Treating Obesity

Nurse practitioners are changing the lives of patients with obesity through innovative, person-centric treatments.

Health care providers like nurse practitioners (NPs) have made tremendous progress in advancing how obesity is discussed and treated. NPs make it a point to center obesity as a disease — not a personal failing — and as a condition that requires both the buy-in of the individual living with obesity and their health care provider. Fortunately, novel approaches to considering, speaking about and treating obesity are available to all NPs. The American Association of Nurse Practitioners® (AANP) works to provide the latest information on obesity treatments through continuing education (CE) activities, as a topic for podcasts, journal articles and through the creation and curation of an AANP Community solely dedicated to the topic.

Models of Care

NPs are at the forefront of using holistic health care methods to treat their patients, including the Patient-Centered Medical Home Model and Chronic Care Model (CCM). CCM, as “an evidence-based framework aimed toward the prevention and management of chronic disease,” is being utilized in treating obesity. As Barbara Ann Holstein, MSN, FNP, writes in the Journal for Nurse Practitioners (JNP), “NPs, based on their expertise and preparation in patient education, are ideal health care providers to establish partnerships with motivated, informed, chronically ill patients and to promote change in health care policy, guidelines and meeting patient educational needs. Within worksite primary care, NPs can, through the CCM framework, provide chronic disease management and affordable health care access.”

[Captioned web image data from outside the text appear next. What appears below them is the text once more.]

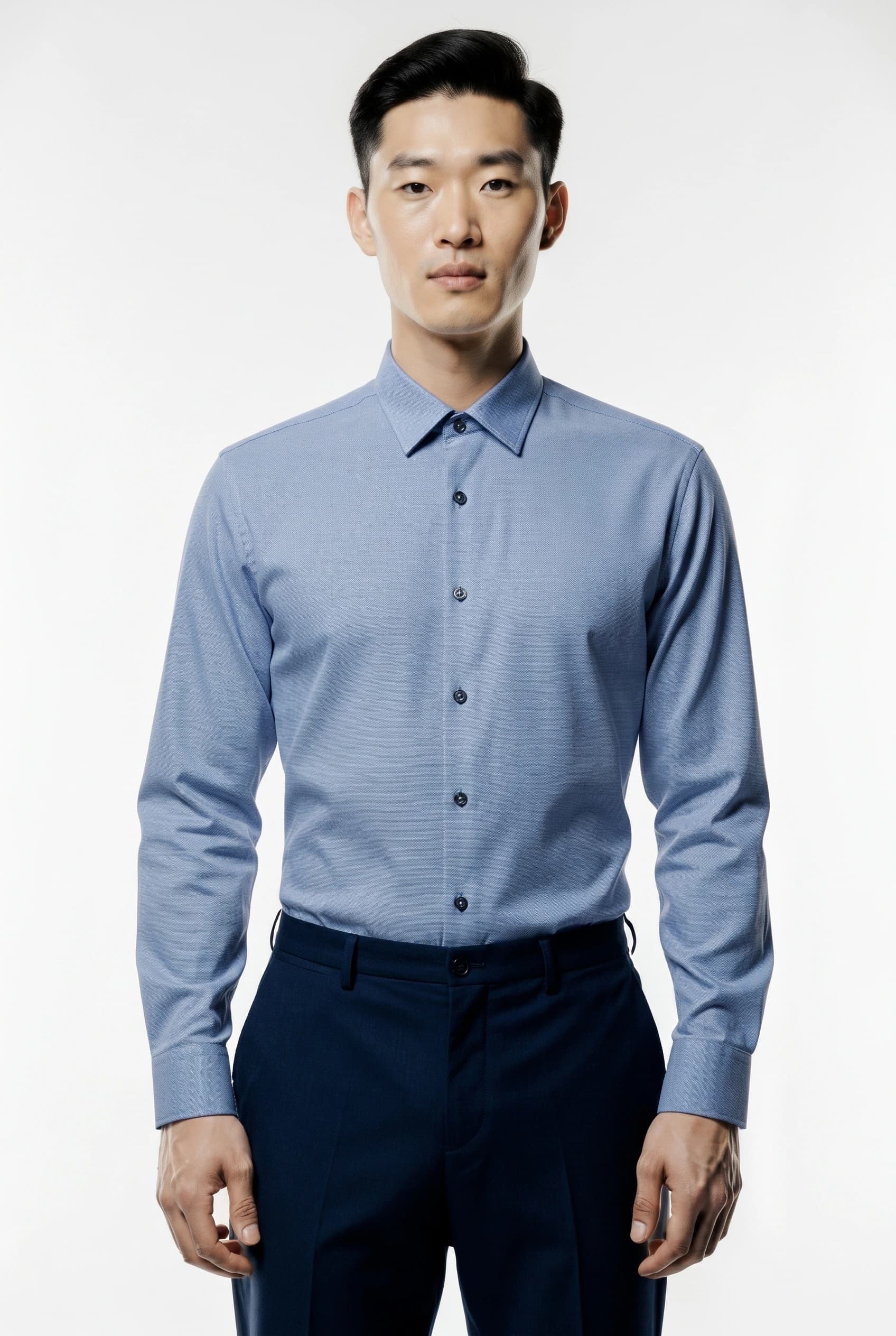 Light blue shirt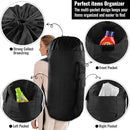 Laundry Bag Backpack, 125L, Extra Large with Shoulder Straps, Adjustable & Extendable Design, Hamper 3 Pockets for Laundromat, College, Travel, Camping by TinyTreasures Baby Boutique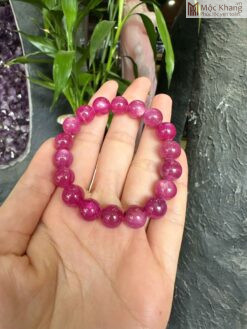 Vòng Tay Ruby Hạt 10,5 (mm)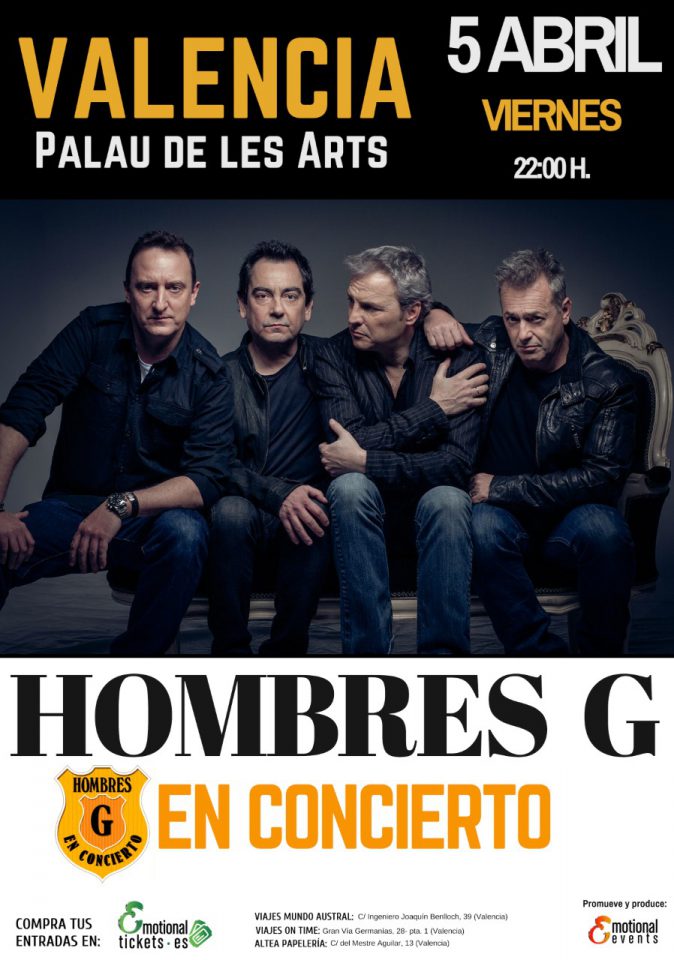 Hombres G concierto en el Palau de les Arts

In addition to utilizing different models of care, NPs also take into account social determinants of health (SDoH) when treating patients with obesity. In the Journal of the American Association of Nurse Practitioners (JAANP), Leigh Mullen, DNP, APRN, FNP-C, writes that “screening patients for SDoH allows clinicians to identify those needs and tailor referral efforts.” With SDoH as one framework to understand childhood obesity, she cites a study which “found that if neighborhoods lacked amenities that encouraged physical activity (such as sidewalks, parks, playgrounds, etc.), then the odds for obesity/overweight was 20–45% higher than in neighborhoods with such amenities.”